Here, pres, ps and tts are arrows to convert various kinds of HTML elements to equivalents or near equivalents in GitHub Markdown:

pres = processTopDown
       ((getChildren >>> changeText backticks) `when` hasName "pre")
backticks = ("\n\n```\n" ++) . (++ "\n```\n\n")
ps = processTopDown (getChildren `when` (hasName "p"))
tts = processTopDown
      ((getChildren >>> changeText backticks1) `when` hasName "tt")
backticks1 = ("`" ++) . (++ "`")

HXT’s processTopDown function allows you to recursively transform the elements of an XML document tree, and the when combinator allows you to do this transformation selectively, depending on the kind of element you’re looking at.

There’s a huge amount of stuff you can do with HXT, and I can see that it’s going to take a long time to learn even a fraction of it. However, despite the initially forbidding facade, once you’ve played with it a little, it’s a lot less intimidating.

GitHub API

Once I’d scrabbled and scraped my way to some data that looked reasonable, I wanted to create issues on the c2hs GitHub repository. GitHub has a nice and well-documented web API for doing most administrative actions for a repository, so this ought to be easy. What makes it even easier is that there is already a Haskell package for talking to GitHub, called, logically enough, github. When I originally looked at this, it didn’t have functions for creating and editing issues and comments, but all the infrastructure was there, and it was easy to add the new functionality.

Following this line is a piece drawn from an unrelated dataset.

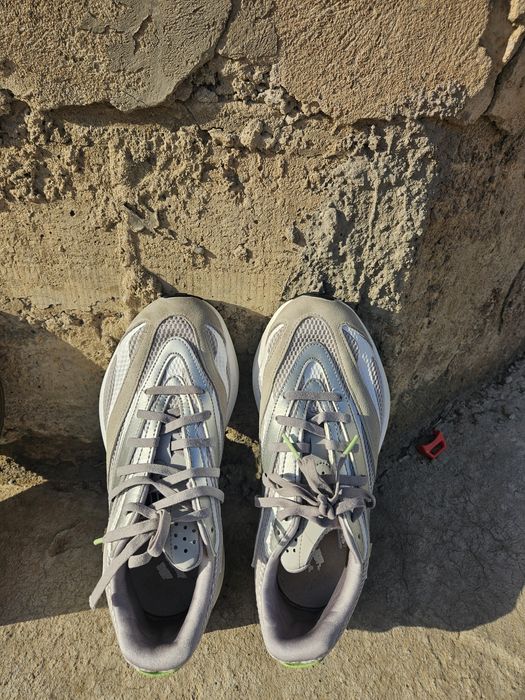 Кроссовки Adidas lightblaze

It all worked fine and the new functions are now incorporated in the latest version of the package.

It’s really easy to use. Here’s a function that creates a new GitHub issue from a Trac ticket (represented as a value of type TracTicket). You create a value of type NewIssue (which has fields corresponding exactly to the fields in the JSON payload passed to the GitHub API endpoint) and pass it to createIssue along with some authentication information and the user name and repository name for the repository you want to add the issue to. You get back either an error, or an Issue value constructed from GitHub’s reply. (Here, I also edit the issue right after creating it if it needs it–adding labels or changing the issue state, for example).

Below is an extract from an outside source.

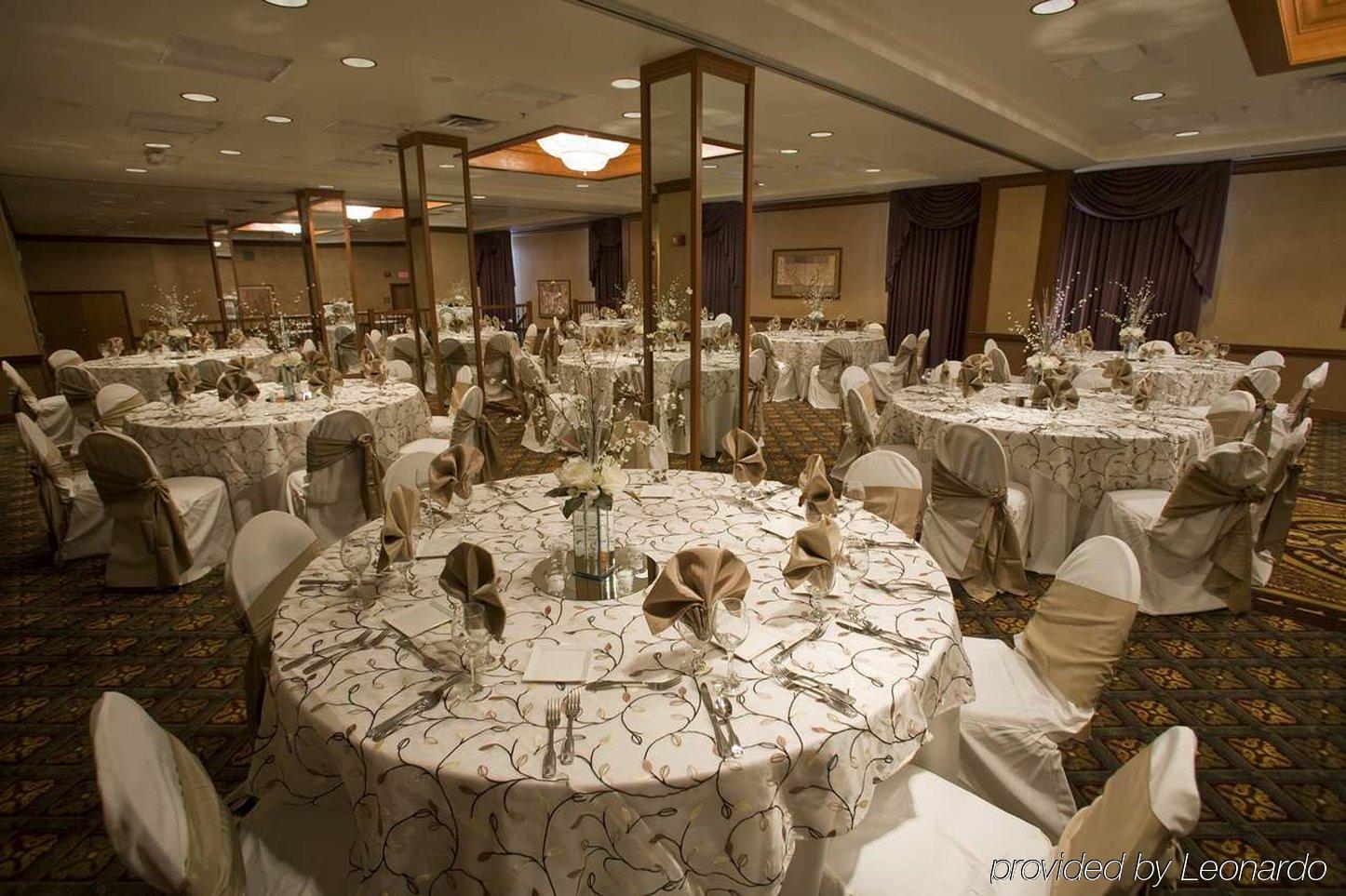 Doubletree By Hilton Milwaukee Downtown Hotell Eksteriør bilde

newTick :: TracTicket -> [String] -> IO (Either Error Issue)
newTick tick dates = do
  let title = T.unpack $ ttSummary tick
      body = T.unpack $ ttDescription tick
      orig = origLine tick dates
      prio = priorityLine tick
      iss = (newIssue title) { newIssueBody = Just $ orig ++ prio ++ body }
  r <- createIssue ghAuth ghUser ghRepo iss
  case r of
    Left err -> return $ Left err
    Right riss -> do
      putStrLn $ "Issue #" ++ show (issueNumber riss) ++ " created"
      case neededit tick of
        False -> return $ Right riss
        True -> editIssue ghAuth ghUser ghRepo
                (issueNumber riss) (tickEdit tick)

Conclusion

I always find it kind of funny when people mention Haskell as being an “academic” language or “too difficult to use for everyday things”. The Haskell ecosystem is now at a point where you really can do a lot of those “everyday things” with very little effort, and the Haskell solutions to problems like XML manipulation and other nasty but necessary tasks often feel much more powerful (and safer) than the untyped alternatives. And, perhaps contrary to expectations, doing these “scripting” tasks in a strongly-typed language feels really natural.